De l’autre côté de la planète, Amandine s’est exilée dans la forêt. Elle ne veut plus vivre au milieu de cette Société. Maman de trois enfants, elle garde les leurs d’enfants quand ils le désirent.  Bonne mère, elle ne l’a jamais été comme si ces bébés devenus grands l’emprisonnaient dans un carcan non voulu.

La blessure qu’elle porte en elle, c’est cet enfant qui lui a été enlevé à la naissance par le père et emmené en Palestine. Elle a tout fait pour le retrouver jusque, à faire le voyage là  bas où on la rejetée lui signifiant qu’elle n’était aucunement la bienvenue. 

 

Fernando travaille pour le FMI. Il aime les colonnes établies de chiffres qui déterminent  comment on peut aider tel ou tel pays avec les efforts à réaliser pour répondre à cette aide. Il ne comprend pas comment les autres qu’il croise dans le métro peuvent vivre comme des mollusques dans une petite vie minable. Son evasion, la lecture de Fernando Pesoa. L’homme qui a tout compris.

Il déteste son nouveau chef et ne veut pas entendre parler de la Palestine. Pourtant le dossier lui est dévolu. 

 

 

Khalil ne porte que la haine en lui. Il crache même à Nadr qu’il n’est qu’un renégat puisque sa vrai mère était française. L’Occident coupable de tous les maux de la Palestine  Khalil décide d’agir. Il s’en va sur cet autre continent qui tue leurs frères. 

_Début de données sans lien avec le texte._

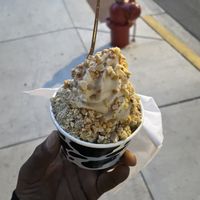   at Vaca's Creamery in Chicago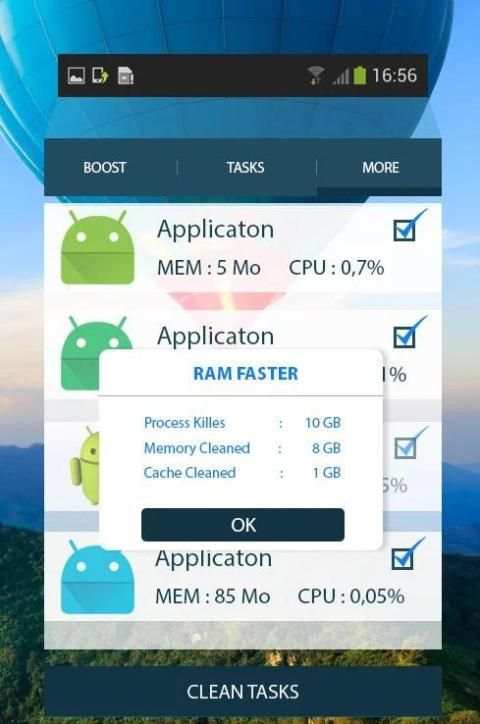 Auto Clean Clear Pro скриншот 8
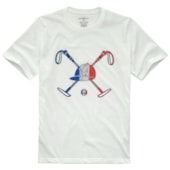 T SHIRT BIG TACO MC FRANCE - BRIGHT WHITE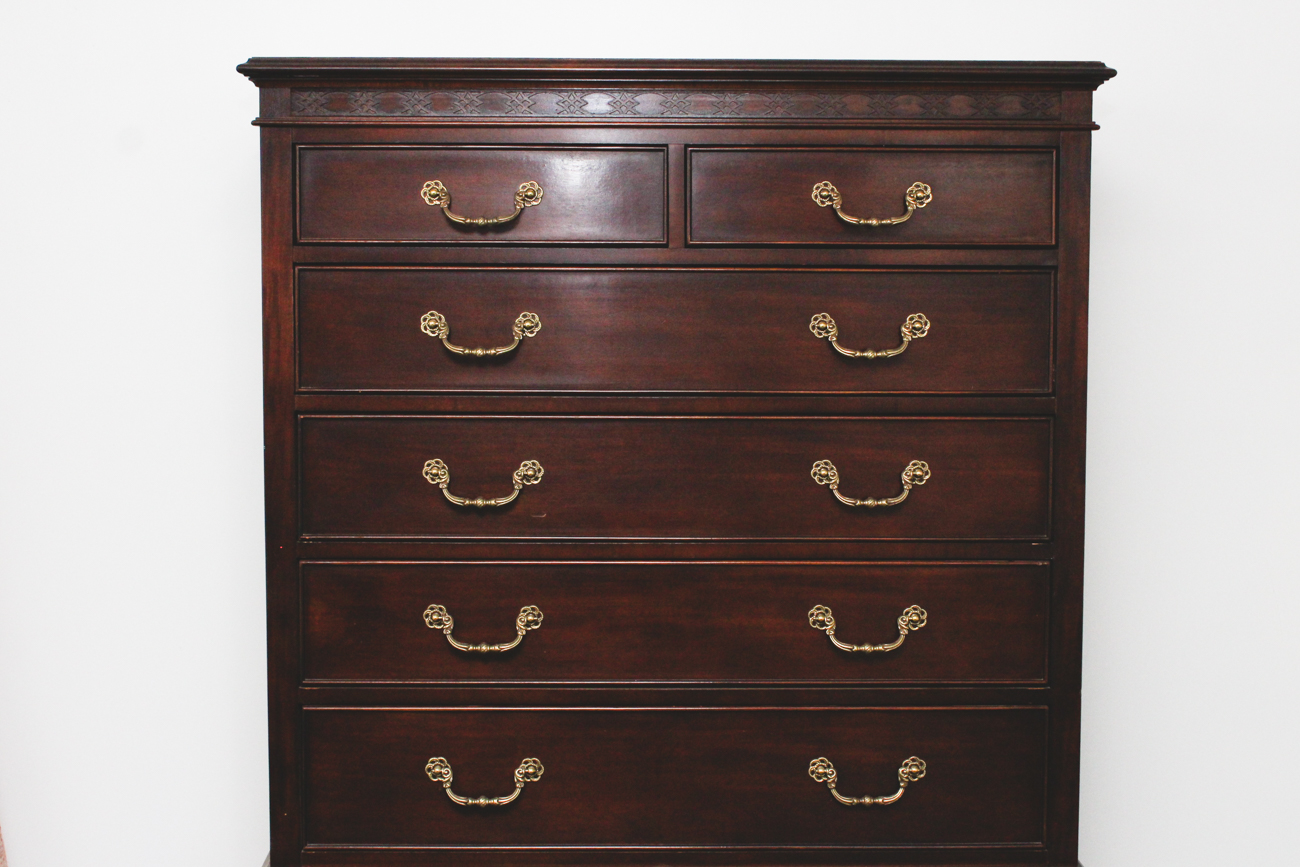 Chest-on-Chest by Century Furniture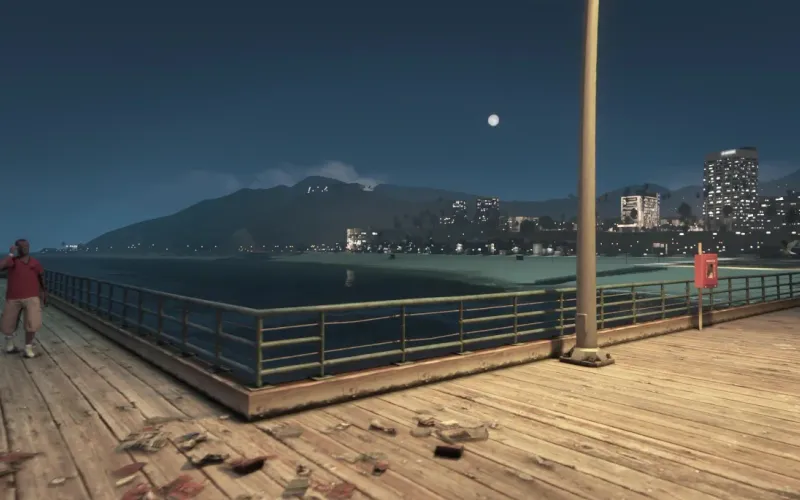 Del Perro and Vespucci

Nadr décide de partir lui aussi pour empêcher khalil de se tuer au nom pas d’un Dieu mais des désidératas de ceux qui ont le pouvoir.

 

 

Nadr c’est la liberté, l’espoir, l’envie de changer ne fut ce qu’un moment infime la route du destin. Pour lui également j’ai eu un gros coup de coeur. Il est tour à tour enfant, naïf et pourtant aucunement dupe de l’hypocrisie sociétale qu’on nous martèle à longueur de temps. Et puis, il lit des poèmes au milieu de rien. Comment ne pas l’aimer ?

 

 

 

 

 

Cyril Dion a réalisé et écrit le film « Demain ».